Q17: Also what offerings from TopBraid are available as SAAS or PAAS models on the cloud as pay per use options?
TopBraid EDG can be hosted on a public cloud (e.g., AWS) or a private cloud. TopQuadrant offers either perpetual licenses or subscription licenses. Minimum duration of a subscription is 1 year.
Q18: Does the TopBraid Composer have any mechanism to determine that a specific TTL file is a glossary or taxonomy or crosswalk, etc? Or does it treat all the TTL files the same way?
TopBraid Composer does not distinguish between different graphs/files based on the content of a graph. It treats all files containing RDF serialized data the same way.
TopBraid EDG, on the other hand, has this distinction and provides different view/edit applications for different types of graphs (asset collections). It also provides, in some cases, different capabilities depending on the type of collection. For example:
• For data asset collections (AKA data dictionaries) there are import capabilities for ingesting DDL and for connecting to the source via JDBC to ingest metadata and do profiling. Such imports would not make sense for a taxonomy.
• For taxonomies, on the other hand, there is an import from MultiTes – a tool that is used for managing taxonomies. Such import would not make sense in a context of data assets.
Q19: Is there a good reason to store the data I have in a relational database in a graph database? When it becomes critical to have a graph instead of a relational database?

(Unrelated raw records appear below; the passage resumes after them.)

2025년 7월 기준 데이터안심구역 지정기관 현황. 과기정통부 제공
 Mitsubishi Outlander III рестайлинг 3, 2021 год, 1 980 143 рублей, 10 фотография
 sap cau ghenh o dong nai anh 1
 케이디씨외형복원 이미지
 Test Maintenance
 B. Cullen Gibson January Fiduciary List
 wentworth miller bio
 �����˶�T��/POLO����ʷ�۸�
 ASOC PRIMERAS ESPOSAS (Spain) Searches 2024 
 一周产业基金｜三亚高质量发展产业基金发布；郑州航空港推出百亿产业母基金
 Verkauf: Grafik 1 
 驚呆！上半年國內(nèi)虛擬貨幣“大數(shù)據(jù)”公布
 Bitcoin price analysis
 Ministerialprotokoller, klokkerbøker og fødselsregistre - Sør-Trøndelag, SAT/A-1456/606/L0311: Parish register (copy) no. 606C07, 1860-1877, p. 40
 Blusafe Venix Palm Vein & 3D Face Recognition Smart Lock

Yes, there are some good reasons to do so. Relational databases impose a very rigid data model that is expensive to evolve. One reason to move to a graph database would be because you need more flexibility than a relational database could provide. Another reason would be having highly networked relational data and needing for queries to extensively traverse the relationships. This works much better in a graph database than in a relational database. There are other reasons as well.